Similar kinds of gestures emerge in Marti's woven works as well, although by slightly different means. Despite their titles, these quasi-painterly quasi-sculptural bindings are not representations of people; they are instead markers of process ruptured briefly by gestures in their making. These are Marti's own gestures of frustration and passion as he tightens the weave and rips the cord into place, a response both to his memory of the subjects as he binds his materials together and the painstaking process of binding itself. Weaves buckle and cords fray partially in their rubbing, slightly stripping the sheathed surface of the ropes to reveal a glint of something underneath. Many of these ropes have already been distressed before their tethering, dragged behind a car across the ground, over concrete, grazing dirt, so as to soil the ropes' appearances, to test their limits and impart small incisions through their facades. What is inside - inside the cords, inside the binding process, beneath a binding's surface - leaches out in irrepressible ways, hinting at something more. Something that emerges in the meeting between Marti's making and his subjects made present through memory: a glint through the weaves that catches the light and the eye; a fraying that frazzles the cords' crispy clean plastic; a tension that cannot be captured and yet somehow is released.

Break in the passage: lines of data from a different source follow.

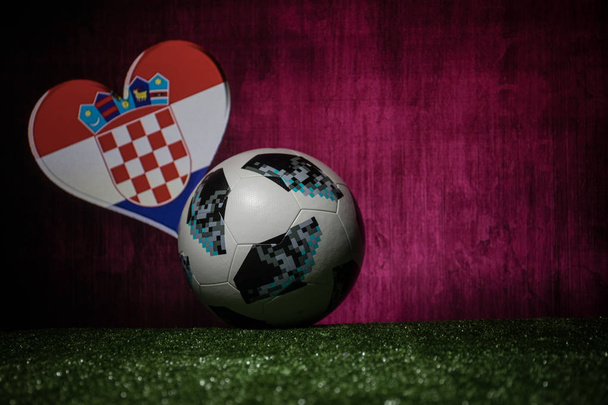 バクー、アゼルバイジャン - 2018 年 7 月 8 日: 創造的な概念。ロシア 2018 年 w 杯サッカーの公式球、アディダス テルスター 18 の緑の草の上。クロアチア チームの概念をサポートします。選択と集中 - 写真・画像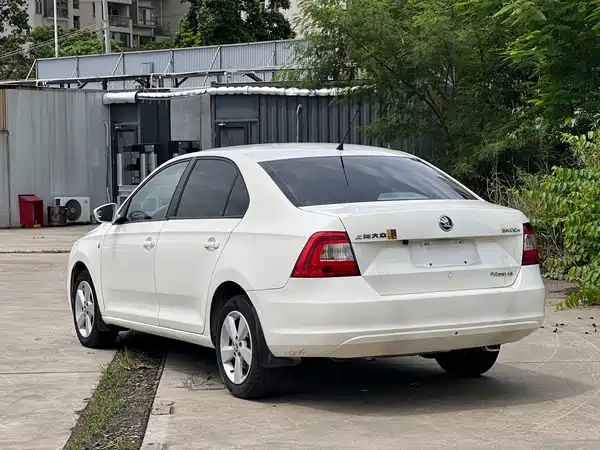Skoda Rapid 2014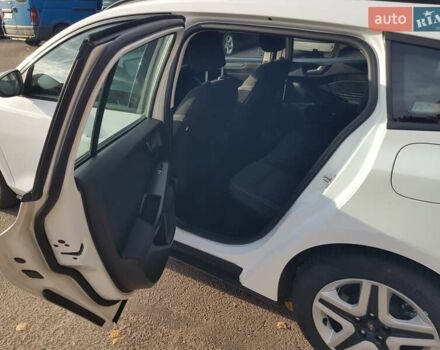 Белый Форд Фокус, объемом двигателя 1.5 л и пробегом 82 тыс. км за 18500 $, фото 37 на Automoto.ua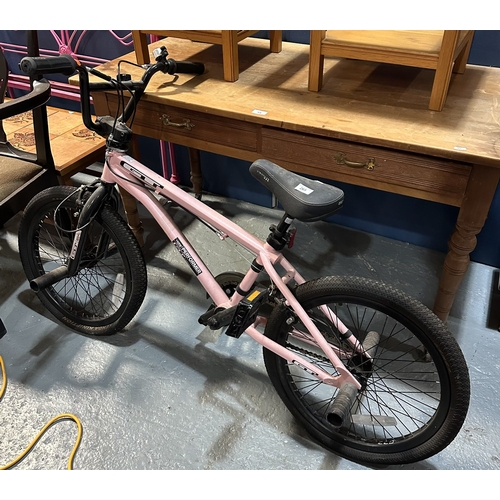 265 - CHILDS GT MOUNTAIN BIKE WITH STUNT PEGS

A moment of time, a gestural flick, a brief rupture in perception: these are the keys to the contemporary portrait, a genre that is neither figurative nor abstract, that seeks neither to capture nor contain its subject, and so is not really a portrait in any traditional sense. What these momentary ruptures reveal is not a public or a private self: that dualism has largely disappeared in our world of casual cruising, of the webcam, the blogspot and perpetually being on show. What they hint at is a more contemporary realm of the self that we may not even know exists, yet which is released and revealed through tics, gestures and uncontrollable responses. These are portraits of the gestural unconscious, of one's habits and movements that persist in our daily relations and in the memory of other bodies, other names, other entities. The gesture exists but cannot really be understood. It can be made apparent, yet resists quantification and rationalisation as something that can be known. It pricks the facades of the spectacle. It is a sense of the subject that lurks below the conscious, intimate and lingering.